3. Const permission scaling
class Date { public: void print() { cout << "day:" << _day << endl; } private: int _day; }; int main() { Date d1; d1.print(); const Date d2; d2.print(); return 0; }
The compiler indicates that d2 has an error, so what's wrong with d2?
This is the problem of const permission scaling. We know that the type of d2 is const Date, so when d2 calls the print function, the system will pass a this pointer to print. The type of this pointer is Date *, but the address type of d2 is const Date *. Passing a const modified pointer to an ordinary pointer will expand the permission. Expanding the permission is not allowed!!!

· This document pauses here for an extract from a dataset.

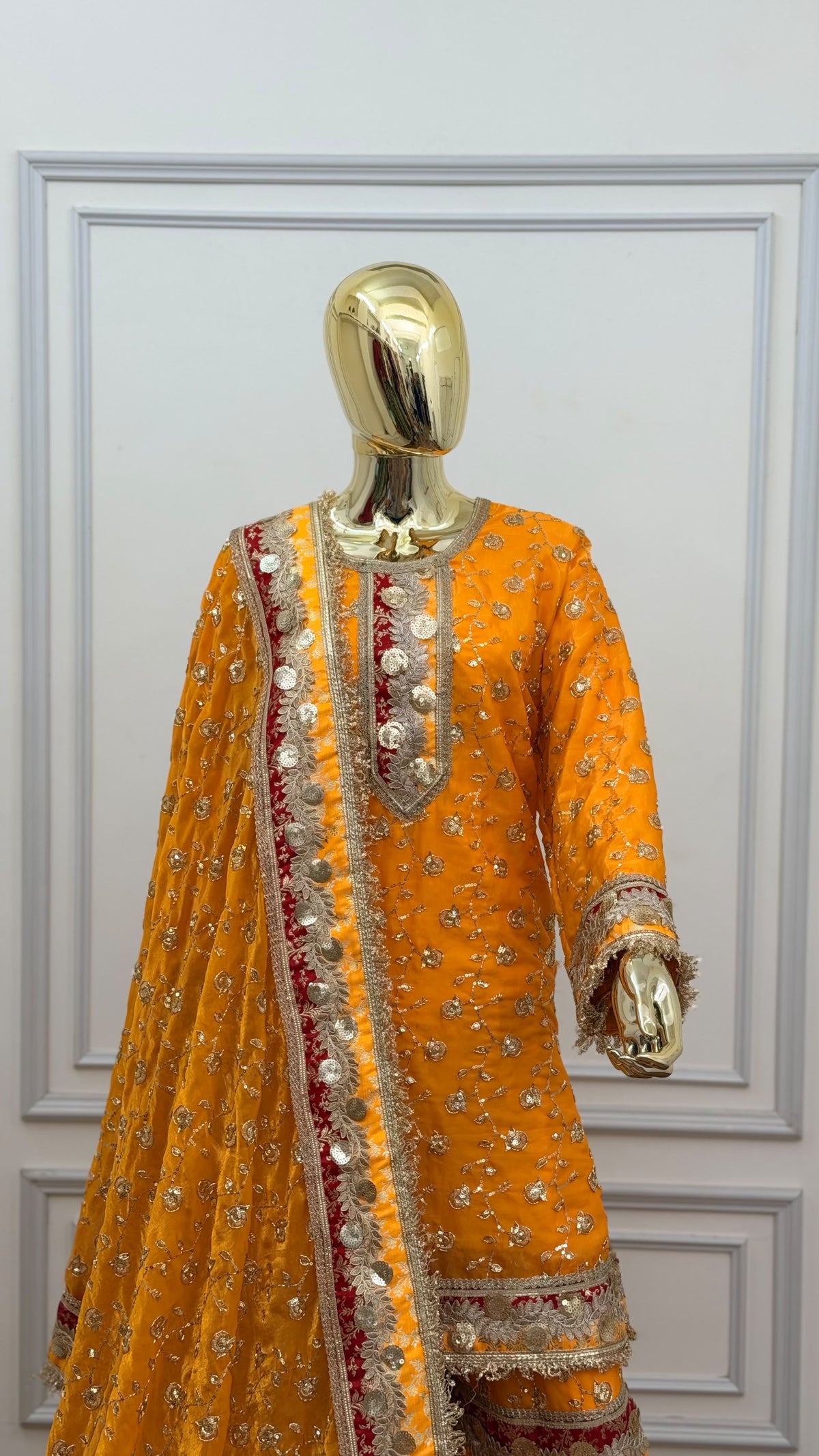 MUSTARD ORANGE RAMPURI GHARARA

The solution is to introduce the member function of const modifier class
The class member function modified by const is called const member function. Const modifies the class member function and actually modifies the implicit this pointer of the member function (note Oh! Note Oh! Only modify the formal parameter of this pointer), indicating that no member of the class can be modified in the member function.
class Date { public: void print() const//The essence is the this pointer that modifies the formal parameter list { cout << "day:" << _day << endl; } private: int _day; };
const four questions
1. Can const objects call non const member functions?
A: No, the permission cannot be enlarged
Can non const objects call const member functions?
A: Yes, the permission can be reduced. For example, d1 can still call the member function of const modifier class
3. Can other non const member functions be called in const member functions?
A: No, as long as you call the member function, you must pass the this pointer, but if the function modified by const calls the unmodified function, the permission will be expanded
4. Can other const member functions be called in non const member functions?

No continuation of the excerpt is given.